WorldatWorkに見るグローバル報酬専門性 

グローバルでは、トータルリワーズはすでに独立した専門領域として確立されています。特にWorldatWorkは、報酬、福利厚生、トータルリワーズ領域における世界的な専門機関として知られています。 

同機関は、認定資格や教育プログラムを通じて、報酬専門領域の知識体系と実務基準を提供しています。これは、トータルリワーズが単なる制度運用ではなく、経営、財務、人財戦略、ピープル分析を横断する専門領域であることを示しています。 

公式サイト:https://worldatwork.org/ 

トータルリワーズ は専門領域である

つまり、トータルリワーズは単なる制度運用の知識ではなく、経営戦略、財務視点、ピープルアナリティクスを横断する高度な専門領域です。

さらには、これからのグローバル人事に求められているのは、報酬設計を通じて組織行動を変え、企業価値に影響を与えるためには、体系的かつ構造的なグローバル人的資本経営の戦略の中核として、トータルリワーズを設計し、運用していくKS As(知識・スキル・能力)です。

したがって、経験や属人的な知識だけでは、グローバル水準での実務遂行は困難になりつつあります。

人事資格が必要とされる理由 

トータルリワーズは、独学だけで十分に実務化できるほど単純な領域ではありません。なぜなら、報酬設計には、グローバル市場水準、各国の法制度、税務、財務、組織文化、データ分析、人的資本経営との接続が関わるからです。 

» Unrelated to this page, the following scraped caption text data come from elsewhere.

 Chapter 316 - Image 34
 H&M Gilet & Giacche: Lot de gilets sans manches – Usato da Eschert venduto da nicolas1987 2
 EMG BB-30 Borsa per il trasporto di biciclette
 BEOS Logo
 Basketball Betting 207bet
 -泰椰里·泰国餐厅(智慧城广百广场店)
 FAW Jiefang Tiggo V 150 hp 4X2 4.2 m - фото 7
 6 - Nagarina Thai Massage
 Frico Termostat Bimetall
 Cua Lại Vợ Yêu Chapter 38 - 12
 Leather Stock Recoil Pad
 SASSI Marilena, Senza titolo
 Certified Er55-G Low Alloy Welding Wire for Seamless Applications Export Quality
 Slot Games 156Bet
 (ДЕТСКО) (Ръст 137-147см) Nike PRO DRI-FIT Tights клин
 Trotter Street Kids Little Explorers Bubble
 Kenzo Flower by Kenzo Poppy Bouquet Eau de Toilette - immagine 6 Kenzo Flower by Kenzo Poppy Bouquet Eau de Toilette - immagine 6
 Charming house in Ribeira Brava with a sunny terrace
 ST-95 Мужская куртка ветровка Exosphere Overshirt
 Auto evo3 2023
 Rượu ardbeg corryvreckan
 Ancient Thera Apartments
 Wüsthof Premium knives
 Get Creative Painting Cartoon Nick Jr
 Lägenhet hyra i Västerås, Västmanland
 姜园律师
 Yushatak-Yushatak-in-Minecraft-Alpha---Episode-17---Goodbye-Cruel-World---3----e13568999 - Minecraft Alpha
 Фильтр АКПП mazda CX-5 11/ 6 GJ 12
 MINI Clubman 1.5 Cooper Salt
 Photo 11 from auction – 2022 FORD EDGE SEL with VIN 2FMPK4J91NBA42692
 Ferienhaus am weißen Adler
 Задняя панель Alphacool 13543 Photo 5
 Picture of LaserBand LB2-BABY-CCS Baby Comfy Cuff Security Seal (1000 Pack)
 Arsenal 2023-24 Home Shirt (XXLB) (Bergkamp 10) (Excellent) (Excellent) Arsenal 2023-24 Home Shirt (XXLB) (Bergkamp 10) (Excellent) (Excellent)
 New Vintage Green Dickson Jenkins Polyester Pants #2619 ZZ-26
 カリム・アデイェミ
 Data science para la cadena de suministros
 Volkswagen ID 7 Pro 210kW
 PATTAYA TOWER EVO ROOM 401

さらに重要なのは、報酬制度を「なぜこの設計なのか」「企業価値にどう貢献するのか」という言葉で経営に説明できることです。この説明力こそ、これからのグローバル人事に求められる専門性です。 

独学では限界がある理由

つまり、トータルリワーズは独学で習得できるほど単純な領域ではありません。

なぜなら、この分野はグローバル基準、報酬設計、財務視点、データ分析、そして経営戦略との接続という、複数の専門領域が交差する高度な知識体系だからです。

さらに、最も重要なのは「知っていること」ではなく、“経営に対して説明できること”です。

つまり、報酬を設計するだけでなく、「なぜこの設計なのか」「企業価値にどう貢献するのか」、そういったことを言語化できなければ、グローバル人事としての役割は果たせません。

このレベルに到達するためには、体系化された学習と実践的なトレーニングが不可欠です。

GHR-Pで学ぶグローバル人事と トータルリワーズ 

日本において、トータルリワーズを含むグローバル人事を体系的に学ぶプログラムとして位置づけられるのが、人事国際教育プログラム GHR-P™です。GHR-P™では、報酬戦略、人的資本経営、ピープル分析、グローバル人事の基礎を、実務に接続できる形で学びます。 

特に、日本企業の強みである福利厚生を、どのようにモネタリーバリューとして再定義し、グローバルに通用するトータルリワーズとして提示するかは、今後の人事にとって重要なテーマです。 

人事国際教育プログラム GHR-P™ 公式ページ:https://www.ghrjapan.org/ghrp 

GHR-Professional™を取得する意義 

人事国際資格 GHR-Professional™は、単なる知識の証明ではありません。国境を越えた人事課題について、共通言語を持ち、対等に議論し、経営に説明するための専門性を示す資格です。 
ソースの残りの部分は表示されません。